Causas e consequências da dependência digital dos jovens na contemporaneidade
Enviada em 14/01/2021
Na obra “Utopia”, do escritor Thomas More, é retratada uma ilha imaginária na qual o corpo social padroniza-se pela ausência de conflitos e problemas. Todavia, o que se observa na realidade brasileira é o oposto do que foi idealizado por More, uma vez que a dependência digital dos jovens destaca-se como um importante desafio a ser enfrentado pela sociedade. Esse cenário tem sua origem na falta de orientação e possui impactos negativos na saúde. Logo, convém a análise dessa conjuntura com o intuito de mitigá-la.
Vale ressaltar, a princípio, a carência de políticas educativas que orientem a respeito dos vícios tecnológicos. Nesse sentido, a timidez excessiva, a dificuldade de se relacionar pessoalmente e a falta de limites impostos pelos pais agravam o panorama, haja vista que muitos adolescentes enxergam o mundo virtual como uma válvula de escape da realidade que os circunscreve. Sob essa perspectiva, o educador Paulo Freire destaca a educação como elemento fundamental para mudanças sociais e, por isso, defendia um ensino capaz de estimular reflexões críticas que levem a uma maior compreensão da sociedade. Desse modo, nota-se a importância da educação para orientar os jovens e evitar a dependência tecnológica.
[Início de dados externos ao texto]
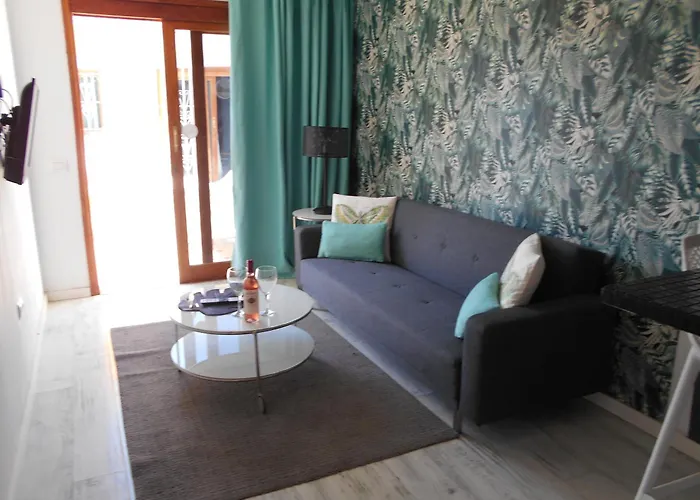 아파트 Boys Men Only Solo Hombres *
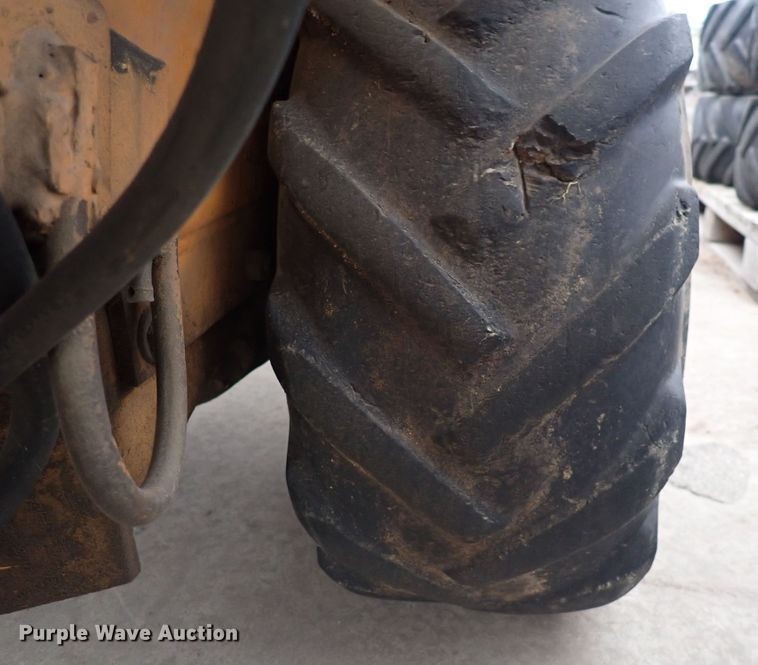 image for item DC4144 1994 Case Maxi Sneaker  Series C cable plow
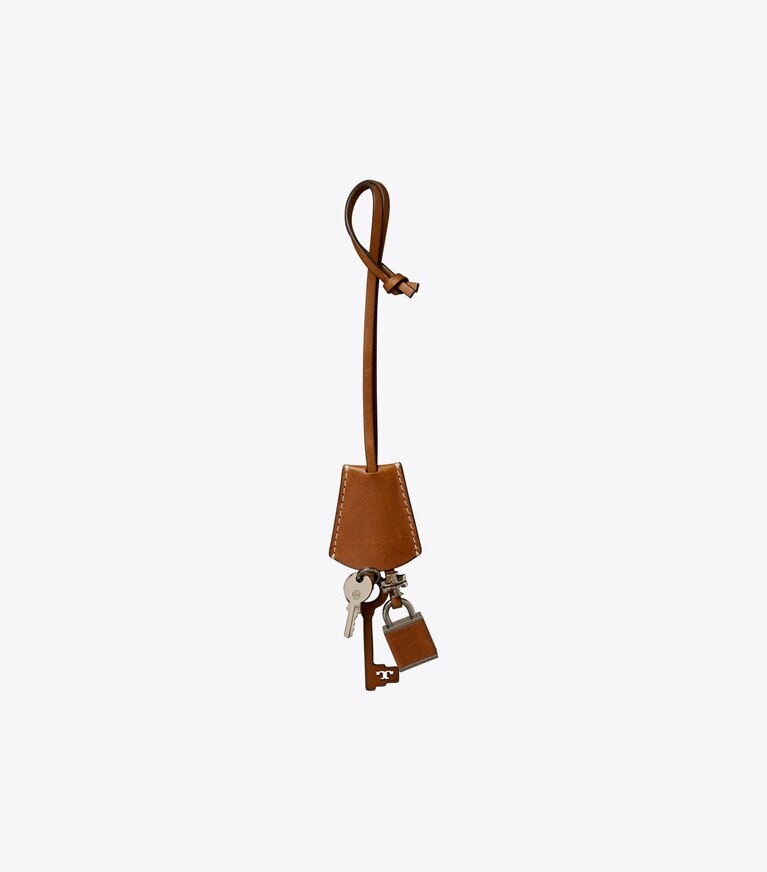 Tory Burch designer bijoux de sac et porte-clés Breloque pour sac cadenas et clé dans Classic Cuoio de face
Ademais, a obsessão pelo prazer que o mundo virtual proporciona afeta a saúde física e mental dos jovens. Nessa lógica, o vício digital pode resultar em isolamento social, sedentarismo, falta de cuidados com a higiene pessoal e até transtornos psicológicos, como depressão. Nesse contexto, segundo o sociólogo Émile Durkhein, a sociedade deveria funcionar de maneira análoga a um organismo biológico, no qual as partes interagem harmonicamente entre si. Entretanto, nota-se que o país ainda está distante dessa realidade, visto que a dependência tecnológica prejudica a integração social dos indivíduos no mundo real. Faz-se imprescindível, portanto, a dissolução dessa conjuntura.
Destarte, providências devem ser tomadas para amenizar o quadro atual. Em vista disso, cabe ao Ministério da Educação criar um projeto para ser desenvolvido nas escolas que, por meio de oficinas pedagógicas, discussões engajadas e palestras, possua como finalidade trazer mais lucidez sobre os malefícios da dependência digital entre os jovens. Esses eventos devem contemplar a educação básica, contar com a presença de profissionais especialistas no assunto e é essencial que os familiares dos estudantes sejam convidados a participar. Assim, essa medida possibilitará a concretização de transformações desejáveis na realidade brasileira.